This invention relates to digital pathology and image analysis, specifically addressing the challenge of accurately analyzing and comparing multiple images of the same tissue slide to improve diagnostic accuracy. The method involves capturing at least one first image and at least one second image of a single tissue slide, where these images may be obtained under different conditions, such as varying magnification levels, staining techniques, or imaging modalities. The images are processed to extract relevant features, such as cellular structures, tissue patterns, or biomarkers, which are then compared to identify differences or correlations. This comparison helps in detecting abnormalities, verifying staining consistency, or validating diagnostic results. The method may also involve aligning the images to ensure accurate spatial correspondence between features in the different images. By analyzing multiple images of the same tissue slide, the technique enhances the reliability of pathological assessments, reduces errors from single-image analysis, and provides a more comprehensive understanding of tissue characteristics. The approach is particularly useful in clinical diagnostics, research, and quality control in pathology laboratories.
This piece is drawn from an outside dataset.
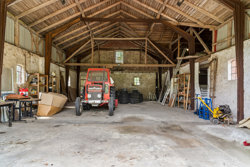 Bredvadmøllevej 15, Træden, 8740 Brædstrup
31. The method according to claim 24 , wherein said at least one fluorescent biomarker is a chemical compound that binds to a specific biological structure and can emit fluorescence when excited with light of a specific wavelength or an antibody that binds to a specific antigen and is labelled with a fluorescent dye.
This invention relates to a method for detecting biological structures using fluorescent biomarkers. The method addresses the challenge of accurately identifying and visualizing specific biological targets in a sample, which is critical for applications in medical diagnostics, biological research, and environmental monitoring. The method employs at least one fluorescent biomarker, which can be either a chemical compound that binds to a specific biological structure and emits fluorescence when excited by light of a specific wavelength, or an antibody that binds to a specific antigen and is labeled with a fluorescent dye. The biomarker is introduced into a sample containing the target biological structure or antigen. Upon excitation with light of the appropriate wavelength, the biomarker emits fluorescence, allowing the presence and location of the target to be detected and analyzed. This approach enhances sensitivity and specificity in biological detection, enabling precise identification of molecular interactions and structural features. The method may be used in various applications, including imaging, flow cytometry, and diagnostic assays, where accurate detection of biological targets is essential. The use of fluorescent biomarkers provides a versatile and highly sensitive tool for biological analysis, improving the reliability of results in research and clinical settings.
32. The method according to claim 24 , wherein said at least one fluorescent dye is an immunofluorescent dye.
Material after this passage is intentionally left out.